## DATA SECTION
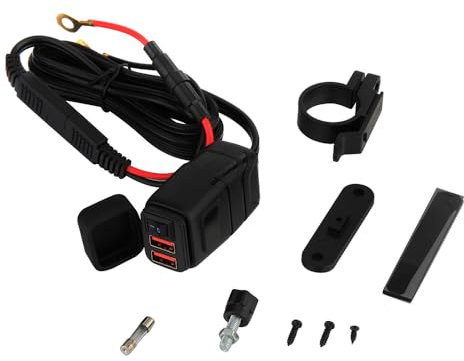 Madlife Garage 12V USB Steckdose Motorrad,Dual USB Motorcycle Car Charger,QC 3.0 Dual Ladegerät Adapter Steckdose mit Schalter, Doppelstecker für 12V ~24V Motorrad Wohnmobil KFZ Boot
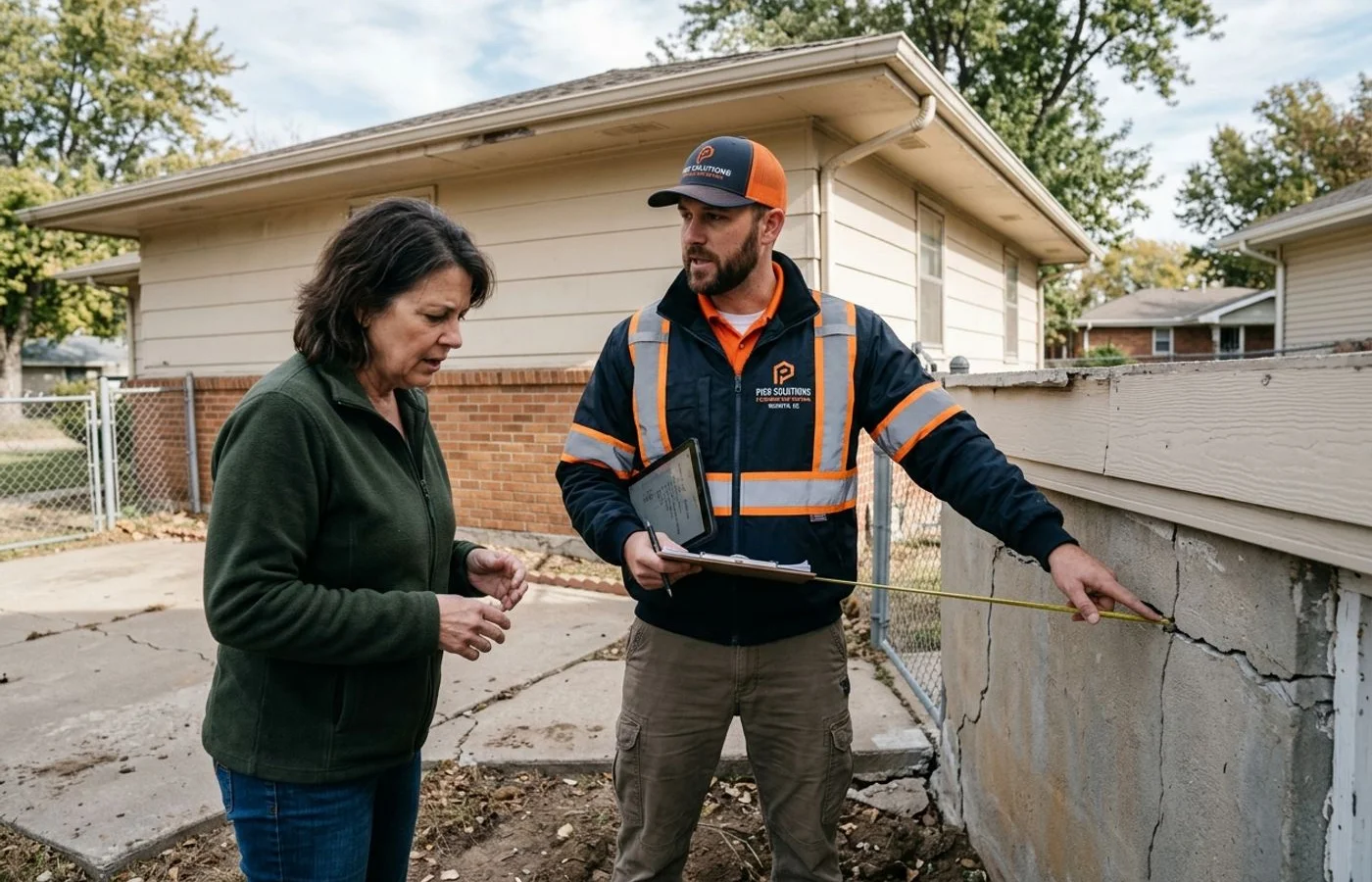 Homeowner and inspector discussing a foundation assessment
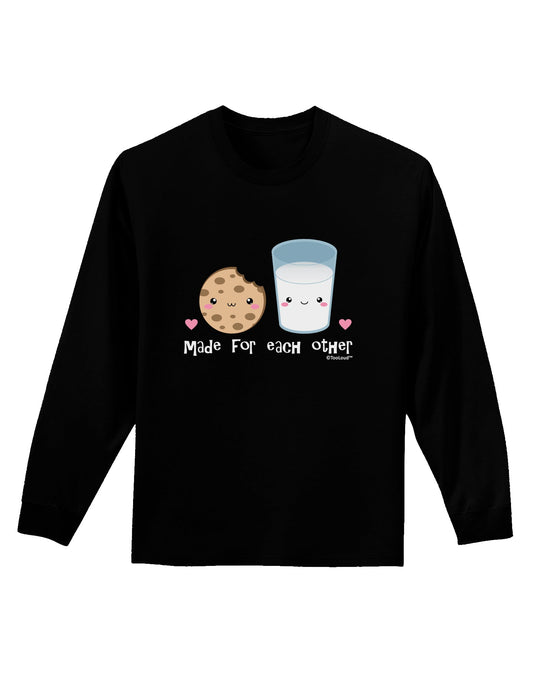 Cute Milk and Cookie - Made for Each Other Adult Long Sleeve Dark T-Shirt by TooLoud-TooLoud-Black-Small-Davson Sales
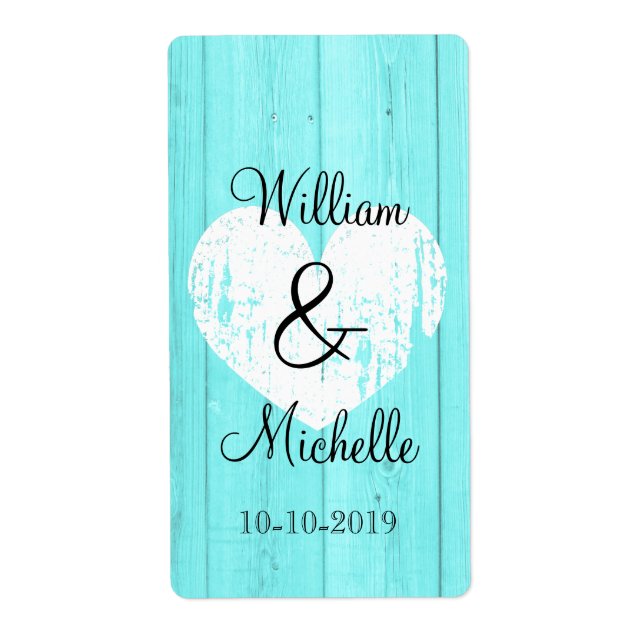 Turquoise blue heart wedding wine bottle labels (Front)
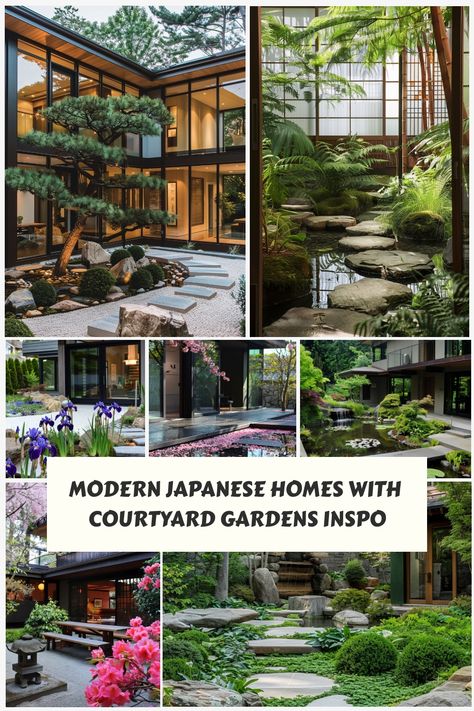 Style tips taken from modern Japanese homes with courtyard gardens that you can apply to your own home. Inner Garden House, Modern Courtyard Design, Japanese Courtyard House, Courtyard Design Ideas, Japanese Courtyard Garden, Center Courtyard, Japanese Exterior, Modern Japanese Homes, Japanese Courtyard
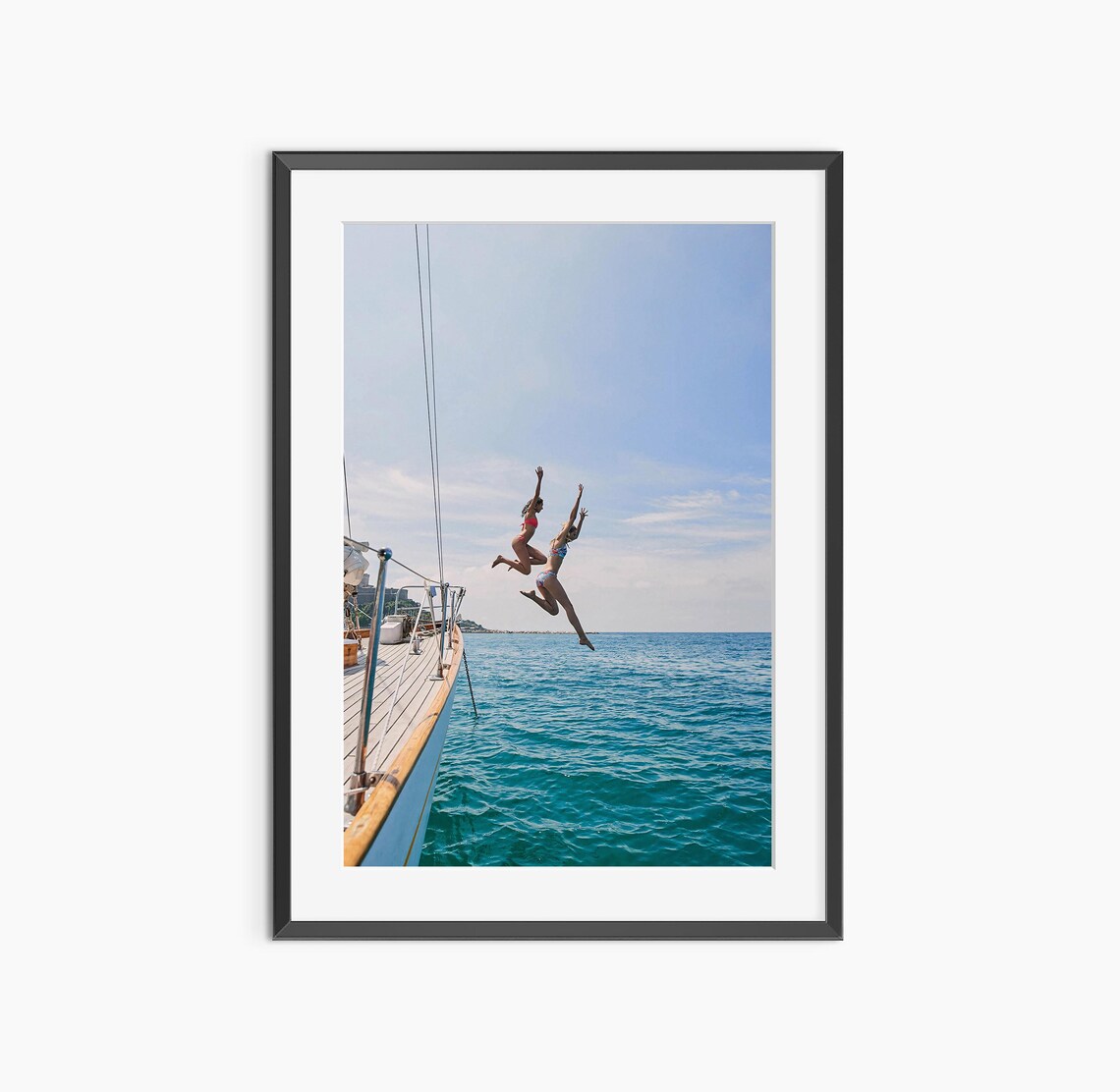 Girls Jumping Sailboat Ocean Summer Coastal Photography Wall Art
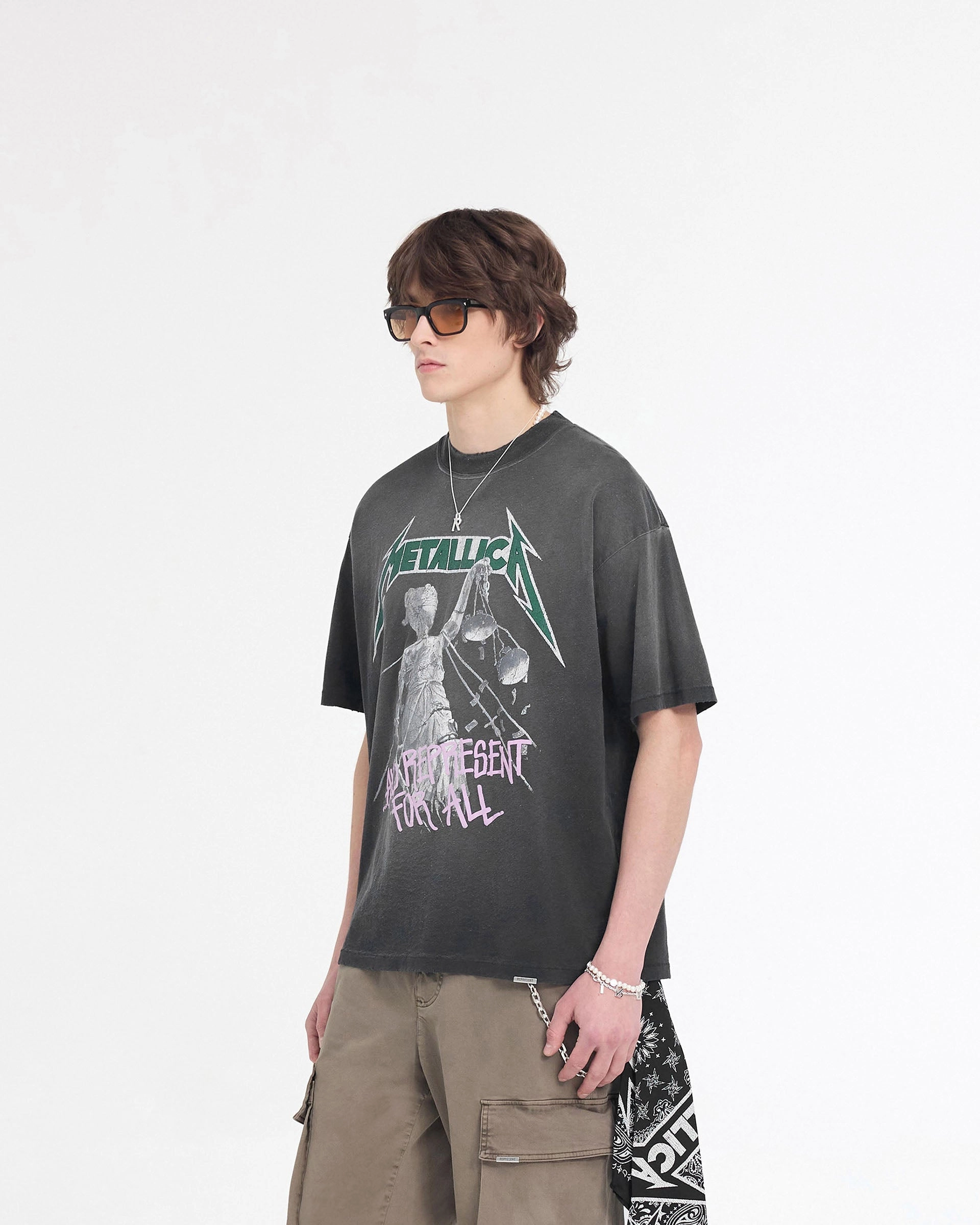 Represent X Metallica Justice T-Shirt - Stained Black Fashion Must-Have Easy Care Material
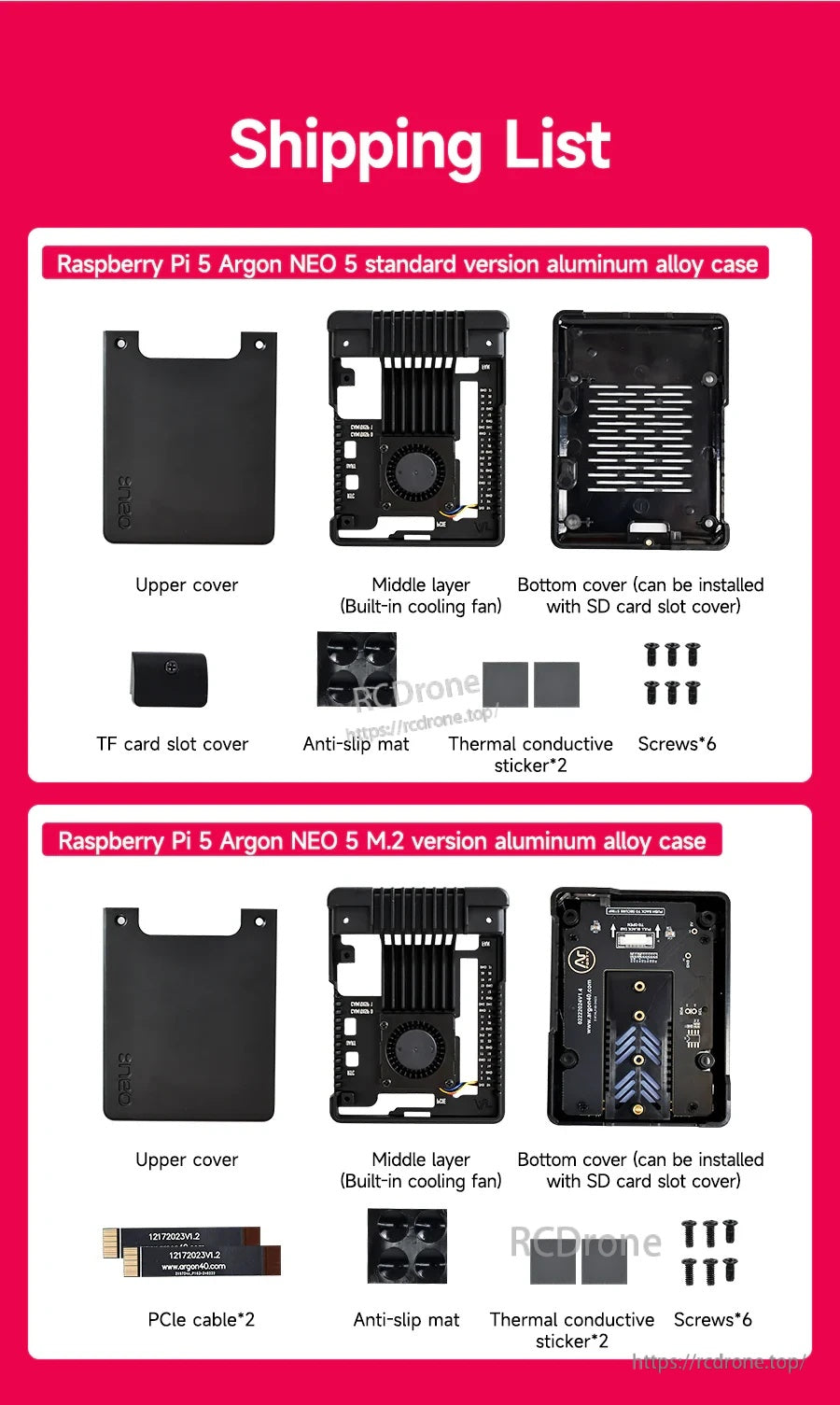 Package contents list for Standard and M.2 versions: covers, fan layer, pads, thermal stickers, screws, PCIe cable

## WORK TO BE COMPLETED
Return only the part above that opens with the line containing "Style tips taken" and closes with the line containing "Represent X Metallica", exactly and with both ends, skipping the pictures.

## RESPONSE AREA
 Style tips taken from modern Japanese homes with courtyard gardens that you can apply to your own home. Inner Garden House, Modern Courtyard Design, Japanese Courtyard House, Courtyard Design Ideas, Japanese Courtyard Garden, Center Courtyard, Japanese Exterior, Modern Japanese Homes, Japanese Courtyard
 Girls Jumping Sailboat Ocean Summer Coastal Photography Wall Art
 Represent X Metallica Justice T-Shirt - Stained Black Fashion Must-Have Easy Care Material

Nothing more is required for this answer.